Anschliessend ging's nach Sossusvlei. 60 km Teerstrecke und 5 km Sand. Natürlich stoppten wir unterwegs bei Düne 45. Wir waren da die einzigen. Ich machte mich an den Aufstieg, beschloss aber nach einigen Minuten, dass ich diese Düne wohl nicht bis oben besteigen werde, weil ich meine Kräfte für "Big Daddy", die grosse Düne bei Sossusvlei aufsparen wollte. Also weiter. Am 2WD-Parkplatz die Freilaufnaben rein und durch eine tolle Sandstrecke bis zum Sossusvlei. Da ich den Spätnachmittag kurz vor Sonnenuntergang dort verbringen wollte, beschlossen wir zuerst das Dead Vlei zu besuchen. Das war gar nicht so einfach zu finden. Von Sossusvlei fuhren wir wieder einen Kilometer zurück, dann sah ich das unscheinbare Schild. Die Kilometerangabe auf dem Schild hätte ich am ehesten als "11 km" gedeutet. Aber ich wusste, aus dem Reiseführer, dass es nur 1,1 km ist. Also konnten wir uns auf den Weg machen. Auf dem Schild stand noch "Follow Markers". Das war gar nicht so einfach - den einige der gut ein Meter hohen Markierungsstäbe waren völlig von Sanddünen vereinnahmt und ragten nur noch wie ein kleiner Grashalm aus dem roten Sand.
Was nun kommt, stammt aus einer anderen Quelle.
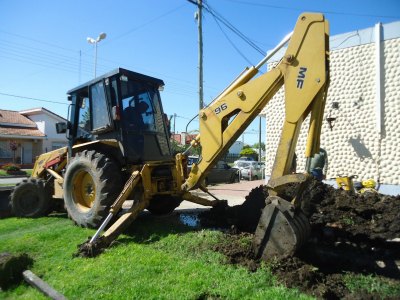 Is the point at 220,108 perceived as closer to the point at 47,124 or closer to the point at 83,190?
the point at 83,190

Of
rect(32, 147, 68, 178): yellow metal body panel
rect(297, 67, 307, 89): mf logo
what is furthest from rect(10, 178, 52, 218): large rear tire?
rect(297, 67, 307, 89): mf logo

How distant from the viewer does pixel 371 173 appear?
1112 cm

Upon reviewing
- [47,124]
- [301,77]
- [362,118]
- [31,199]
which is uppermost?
[47,124]

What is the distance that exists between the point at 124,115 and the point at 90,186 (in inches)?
62.1

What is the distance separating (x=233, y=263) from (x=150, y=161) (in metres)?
2.99

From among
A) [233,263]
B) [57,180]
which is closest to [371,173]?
[233,263]

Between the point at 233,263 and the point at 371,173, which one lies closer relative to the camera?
the point at 233,263

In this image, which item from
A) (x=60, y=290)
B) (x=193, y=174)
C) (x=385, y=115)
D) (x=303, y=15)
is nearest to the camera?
(x=60, y=290)

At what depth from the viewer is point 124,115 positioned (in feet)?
21.8

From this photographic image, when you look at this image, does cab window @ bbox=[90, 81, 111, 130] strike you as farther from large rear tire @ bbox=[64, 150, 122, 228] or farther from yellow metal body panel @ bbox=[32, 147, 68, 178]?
yellow metal body panel @ bbox=[32, 147, 68, 178]

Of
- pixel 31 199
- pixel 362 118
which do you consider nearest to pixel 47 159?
pixel 31 199

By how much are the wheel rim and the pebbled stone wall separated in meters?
7.98

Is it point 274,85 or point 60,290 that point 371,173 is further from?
point 60,290

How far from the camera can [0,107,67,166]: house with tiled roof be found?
3494 cm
Es ging durch den Sand, teilweise waren auch lehmige Abschnitte dabei. Ich nahm das GPS mit und zu meiner Freude waren wir nach gut 700m bereits am Ziel. Das war allerdings recht enttäuschend. "Was für ein Glück sind wir dafür nicht noch weiter gelaufen!", dachten mein Mann und ich. Es war eine sehr unspektakuläre Lehmpfanne und es gab keinen einzigen vertrockneten Kameldornbaum, der sich als Fotomotiv angeboten hätte.
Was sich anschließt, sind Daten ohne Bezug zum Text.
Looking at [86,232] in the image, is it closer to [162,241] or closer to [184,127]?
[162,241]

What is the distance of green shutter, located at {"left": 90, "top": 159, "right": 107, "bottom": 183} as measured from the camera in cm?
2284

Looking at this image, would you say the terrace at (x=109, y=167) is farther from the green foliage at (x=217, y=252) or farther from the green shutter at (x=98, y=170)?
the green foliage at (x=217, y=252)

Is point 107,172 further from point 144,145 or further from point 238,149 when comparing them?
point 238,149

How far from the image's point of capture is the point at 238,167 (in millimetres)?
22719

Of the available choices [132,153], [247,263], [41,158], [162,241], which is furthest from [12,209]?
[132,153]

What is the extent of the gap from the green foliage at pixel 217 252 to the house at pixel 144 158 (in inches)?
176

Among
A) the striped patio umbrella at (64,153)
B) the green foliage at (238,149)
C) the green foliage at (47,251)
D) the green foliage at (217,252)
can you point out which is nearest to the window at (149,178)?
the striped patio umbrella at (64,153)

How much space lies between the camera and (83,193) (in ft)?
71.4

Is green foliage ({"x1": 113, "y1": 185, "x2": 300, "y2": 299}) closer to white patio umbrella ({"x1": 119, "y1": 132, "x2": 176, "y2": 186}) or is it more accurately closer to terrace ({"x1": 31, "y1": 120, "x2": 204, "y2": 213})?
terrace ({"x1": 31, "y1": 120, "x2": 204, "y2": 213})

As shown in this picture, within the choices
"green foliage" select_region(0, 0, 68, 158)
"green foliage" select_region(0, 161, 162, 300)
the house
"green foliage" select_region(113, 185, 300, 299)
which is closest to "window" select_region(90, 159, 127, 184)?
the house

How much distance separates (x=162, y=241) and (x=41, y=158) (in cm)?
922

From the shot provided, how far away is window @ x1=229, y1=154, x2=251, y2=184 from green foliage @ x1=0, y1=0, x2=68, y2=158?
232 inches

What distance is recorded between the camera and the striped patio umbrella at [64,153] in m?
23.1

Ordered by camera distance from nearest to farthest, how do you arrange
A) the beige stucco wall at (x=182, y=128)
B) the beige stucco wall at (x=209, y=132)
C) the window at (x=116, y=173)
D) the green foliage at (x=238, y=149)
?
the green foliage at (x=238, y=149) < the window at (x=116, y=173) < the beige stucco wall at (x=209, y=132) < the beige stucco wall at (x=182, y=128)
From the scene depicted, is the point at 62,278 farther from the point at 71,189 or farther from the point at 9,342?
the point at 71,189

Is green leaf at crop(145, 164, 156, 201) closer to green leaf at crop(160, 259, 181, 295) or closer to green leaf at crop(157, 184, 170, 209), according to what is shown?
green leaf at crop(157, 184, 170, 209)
Dann ging's nach Sossusvlei. Dort waren wir um kurz vor 15.00 Uhr. Auch hier vermisste ich all die Bäume, die ich von Fotos kannte. Ich entdeckte gerade mal einen einzigen toten Baum in der Lehmpfanne, der sich als Fotomotiv eignete. Wir waren übrigens total allein in Sossusvlei. Weit und breit niemand anderes (und das blieb auch so). Jetzt hiess es alle Kraft zusammen nehmen und den Marsch auf die Düne wagen. Es war glücklicherweise nicht ganz so steil wie Düne 45, aber mit einigen Stopps brauchte ich etwa eine dreiviertel Stunde bis ich beschloss, dass ich nicht mehr weiter gehe. Laut GPS hatte ich dabei 100 Höhenmeter zurückgelegt. Die Temperatur war übrigens perfekt, ich schätze, es waren ca. 21 Grad. Ich habe jedenfalls in T-Shirt und kurzer Hose nicht gefroren und bin aber auch beim Besteigen der Düne kein bisschen ins Schwitzen gekommen.
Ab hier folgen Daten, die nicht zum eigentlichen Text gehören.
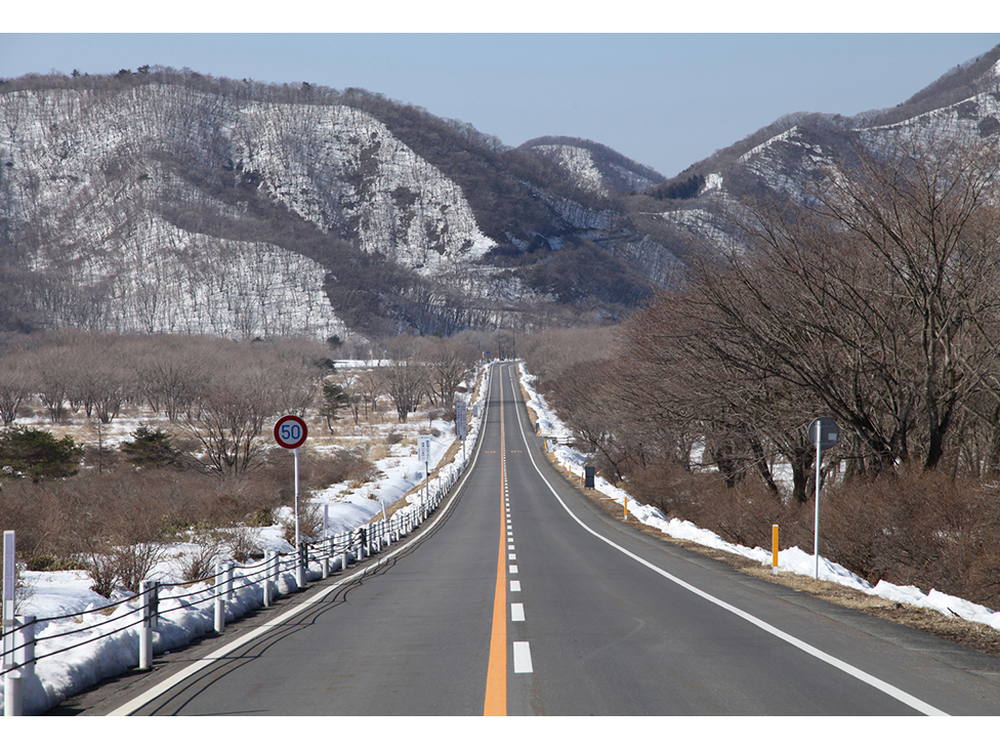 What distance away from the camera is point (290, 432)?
1667cm

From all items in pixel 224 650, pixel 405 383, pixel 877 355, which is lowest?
pixel 224 650

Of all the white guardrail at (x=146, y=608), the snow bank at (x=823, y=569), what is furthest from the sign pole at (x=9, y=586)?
the snow bank at (x=823, y=569)

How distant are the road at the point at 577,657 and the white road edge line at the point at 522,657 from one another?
0.02m

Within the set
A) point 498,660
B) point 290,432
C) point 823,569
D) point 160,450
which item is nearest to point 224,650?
point 498,660

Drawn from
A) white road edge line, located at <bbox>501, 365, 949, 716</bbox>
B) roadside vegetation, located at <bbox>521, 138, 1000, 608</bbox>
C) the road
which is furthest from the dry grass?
roadside vegetation, located at <bbox>521, 138, 1000, 608</bbox>

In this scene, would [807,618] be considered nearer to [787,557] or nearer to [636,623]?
[636,623]

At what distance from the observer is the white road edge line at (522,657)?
8.04 m

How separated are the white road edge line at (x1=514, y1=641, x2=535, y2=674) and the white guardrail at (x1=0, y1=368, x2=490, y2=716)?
359cm

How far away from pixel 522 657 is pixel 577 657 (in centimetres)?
52

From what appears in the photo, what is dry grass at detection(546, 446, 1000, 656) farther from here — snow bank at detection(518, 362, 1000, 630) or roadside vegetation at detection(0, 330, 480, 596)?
roadside vegetation at detection(0, 330, 480, 596)

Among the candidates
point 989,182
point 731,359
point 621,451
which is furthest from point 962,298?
point 621,451

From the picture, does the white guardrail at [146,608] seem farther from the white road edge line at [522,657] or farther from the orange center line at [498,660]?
the white road edge line at [522,657]

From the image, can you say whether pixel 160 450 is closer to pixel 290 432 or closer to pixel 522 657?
pixel 290 432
Auf der Düne machte ich ein Panoramabild. Ob es was geworden ist sehe ich in den nächsten Tagen. Um 16.50 Uhr (kurz vor Sonnenuntergang) verliessen wir Sossusvlei wieder. Die Zeit, wann man zurück am Campingplatz sein muss ist so knapp bemessen, dass es nicht für den Sonnenuntergang in Sossusvlei langt. Unterwegs sah ich noch ein paar tolle Fotomotive, aber es war keine Zeit mehr zum Anhalten, weil wir vor der Schliessung des Gates zurück sein mussten.
Abschliessend noch ein paar Worte zu Sesriem: Die Campsite war mit Abstand (!) die teuerste unseres Urlaubs. Eine Übernachtung kostete 600 N$, also 50 Euro. Der Zustand des Platzes war nicht aussergewöhnlich gut. Wir hatten keinen Strom und die sanitären Anlagen waren ok, aber weit entfernt von dem was ich als toll bezeichnen würde. Alles in allem ist der Campingplatz reine Abzocke. Der einzige Grund, weswegen ich hier gebucht hatte, war, dass ich so eine Stunde morgens nach Sossusvlei aufbrechen kann und abends noch eine Stunde länger bleiben kann. Ich bereue es nicht, dort übernachtet zu haben und würde das bei einem weiteren Besuch von Sossusvlei (zu dem es definitiv in den nächsten 10 Jahren nicht mehr kommen wird) wieder so machen. Trotzdem finde ich es eine Sauerei, wie hier Touristen abgezockt werden.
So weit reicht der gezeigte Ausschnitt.